Figure 7 shows sampled CSARs generated from the collected data during the experiments. The video scene is a rectangle area of 704-by-576 which corresponds to the camera resolution. As we can see, the sampled CASRs apparently are quite different at different positions. When the human walks throughout the video scene, the CSAR table is calculated by bicubic interpolation of the sampled CSARs around the pixels.

Fig. 7
figure 7

The sampled CSAR

5.3 Bicubic interpolation of the CSAR

The bicubic interpolation is one of the most commonly used interpolation methods in three-dimensional space. The algorithm interpolates the value of 16 points around the sample point, as shown in Fig. 8, which means it not only considers the influence of 4 directly adjacent points but also the changing rate of values between neighboring points.

Fig. 8
figure 8

Bicubic interpolation of CSAR

In Fig. 8, P(i) ∣ i = 0, 1, …, 15} are known points where the coordinates of the point P(5) are (0, 0). For the sake of convenience, four adjacent points are considered as a unit square, e.g. P(5):(0,0), P(6):(1,0), P(9):(0,1) and P(10):(1,1). Suppose the values f(x, y) and the derivatives fx(x, y), fy(x, y), fxy(x, y) are known at the four corners of this unit square. The interpolated table can be represented by

$$ f\left(x,y\right)=\sum \limits_{i=1}^3\sum \limits_{j=0}^3{a}_{ij}{x}^i{y}^i $$
(9)

The first-order partial derivatives are computed by

$$ {f}_x\left(x,y\right)=\sum \limits_{i=0}^3\sum \limits_{j=0}^3i{a}_{ij}{x}^{i-1}{y}^j $$
(10)
$$ {f}_y\left(x,y\right)=\sum \limits_{i=0}^3\sum \limits_{j=0}^3j{a}_{ij}{x}^i{y}^{j-1} $$
(11)

The second-order partial derivative is computed by

$$ {f}_{xy}\left(x,y\right)=\sum \limits_{i=0}^3\sum \limits_{j=0}^3 ij{a}_{ij}{x}^{i-1}{y}^{j-1} $$
(12)

Applying the f(x, y), fx(x, y), fy(x, y), fxy(x, y) of P(5), P(6), P(9) and P(10) to Eq. (9), Eq. (10), Eq. (11) and Eq. (12), respectively, there are 16 linear equations. In Eq. (9), there are 16 unknown coefficients which can be determined by

$$ \left[\begin{array}{llll}{a}_{00}& {a}_{01}& {a}_{02}& {a}_{03}\\ {}{a}_{10}& {a}_{11}& {a}_{12}& {a}_{13}\\ {}{a}_{20}& {a}_{12}& {a}_{22}& {a}_{23}\\ {}{a}_{30}& {a}_{31}& {a}_{32}& {a}_{33}\end{array}\right]=\left[\begin{array}{llll}1& 0& 0& 0\\ {}0& 0& 1& 0\\ {}-3& 3& -2& -1\\ {}2& -2& 1& 1\end{array}\right]\left[\begin{array}{llll}f\left(0,0\right)& f\left(0,1\right)& {f}_y\left(0,0\right)& {f}_y\left(0,1\right)\\ {}f\left(1,0\right)& f\left(1,1\right)& {f}_y\left(1,0\right)& {f}_y\left(1,1\right)\\ {}{f}_x\left(0,0\right)& {f}_x\left(0,1\right)& {f}_{xy}\left(0,0\right)& {f}_{xy}\left(0,1\right)\\ {}{f}_x\left(1,0\right)& {f}_x\left(1,1\right)& {f}_{xy}\left(1,0\right)& {f}_{xy}\left(1,1\right)\end{array}\right]\left[\begin{array}{llll}1& 0& -3& 2\\ {}0& 0& 3& -2\\ {}0& 1& -2& 1\\ {}0& 0& -1& 1\end{array}\right] $$
(13)

Finite difference is applied to computing the derivatives fx(x, y), fy(x, y), fxy(x, y) by Eq. (14) to (16).

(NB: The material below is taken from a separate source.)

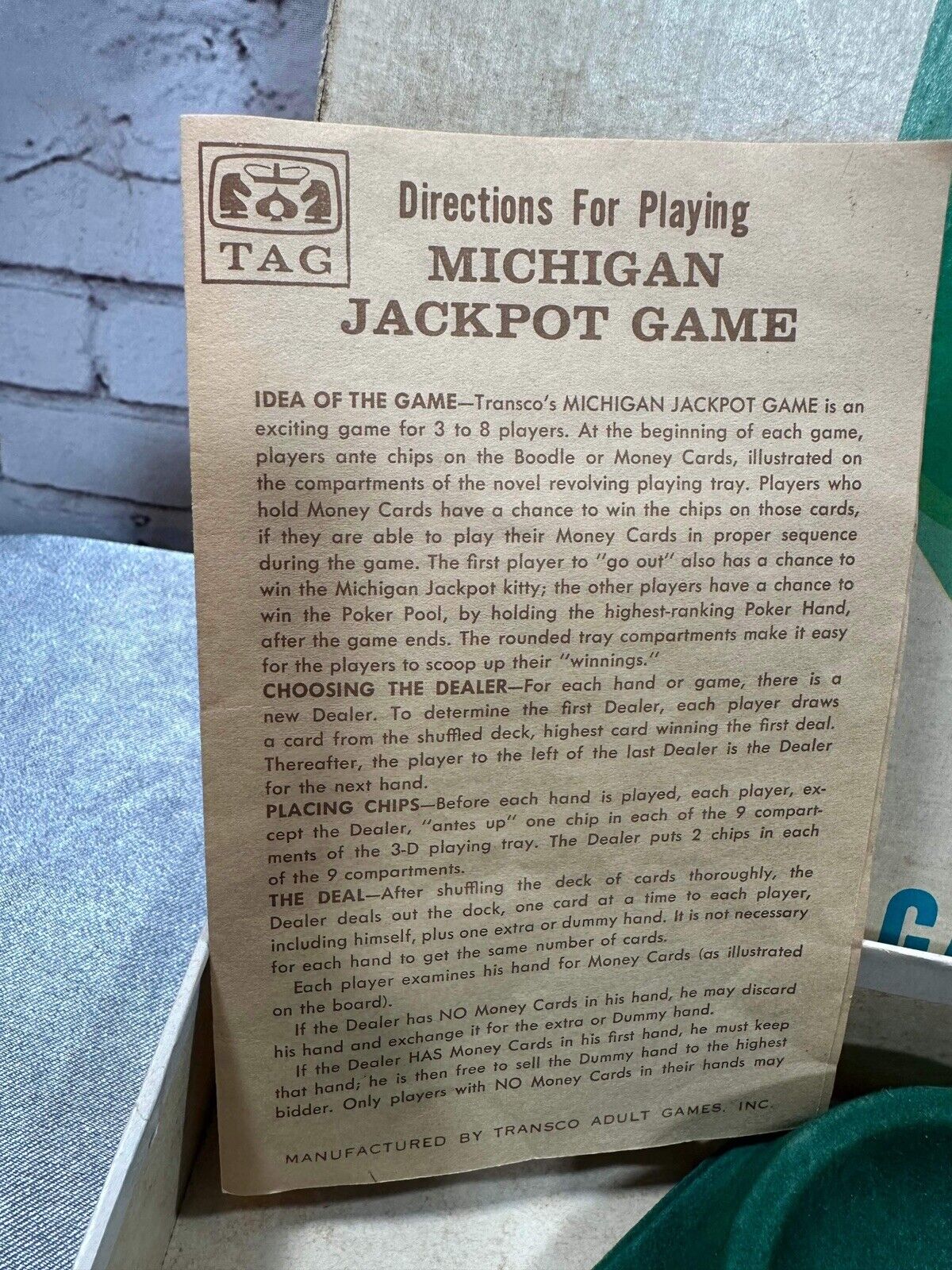1960's Michigan Jackpot Game - VTG Gambling by Tag Poker Chips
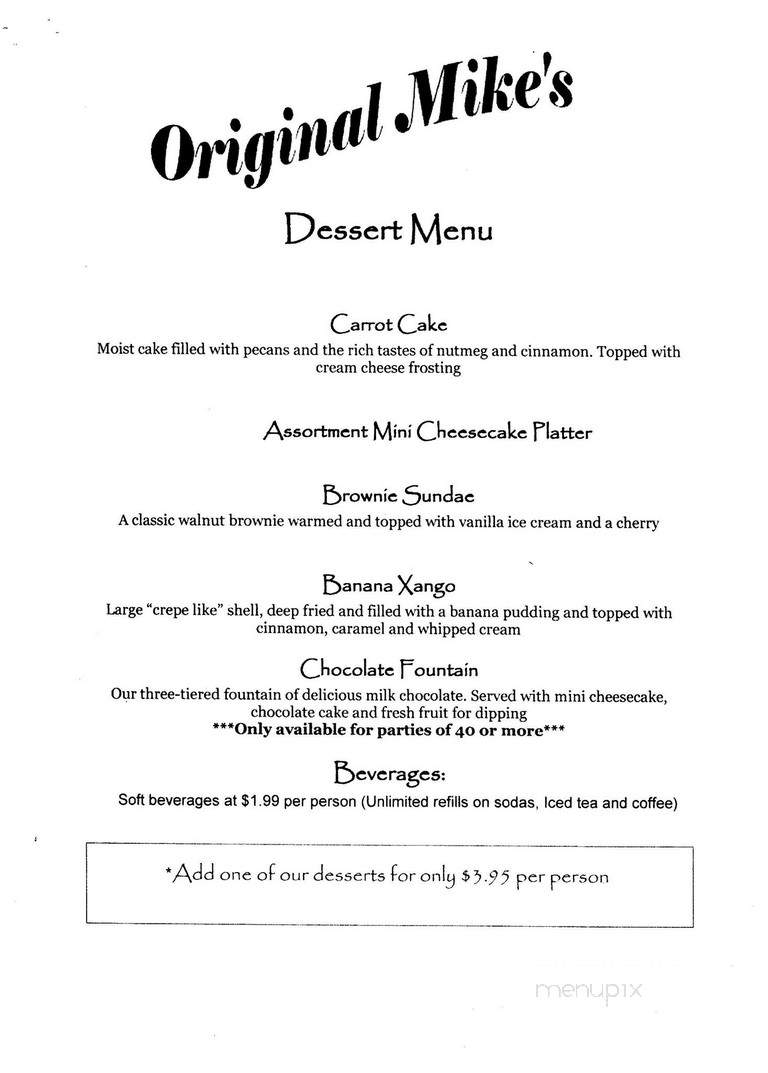 Original Mike's - Santa Ana, CA menu_pic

$$ {f}_x\left(x,y\right)=\frac{f\left(x+1,y\right)-f\left(x-1,y\right)}{2} $$
(14)
$$ {f}_y\left(x,y\right)=\frac{f\left(x,y+1\right)-f\left(x,y-1\right)}{2} $$
(15)
$$ {f}_{xy}\left(x,y\right)=\frac{1}{8}\left(f\left(x+1,y+1\right)-f\left(x-1,y+1\right)-f\left(x+1,y-1\right)+f\left(x-1,y-1\right)\right) $$
(16)

5.4 Fall detection

The process of our proposed fall detection method is given in Fig. 9. After the human body is detected and tracked, the actual SAR is computed. The calibrated shape aspect ratio (CSAR) is indexed by the position of tracked human body. Then, the NSAR is calculated as the actual SAR divided by the CSAR.

$$ NSAR=\frac{SAR}{CSAR} $$
(17)
Fig. 9
figure 9

The process of fall detection

Another parameter multi-frame geometric mean ratio (MGMR) is introduced to smooth the curve of the NSAR over time. If both NSAR and MGMR are bigger than a threshold Tmax or smaller than a threshold Tmin, the human body will be judged as fall.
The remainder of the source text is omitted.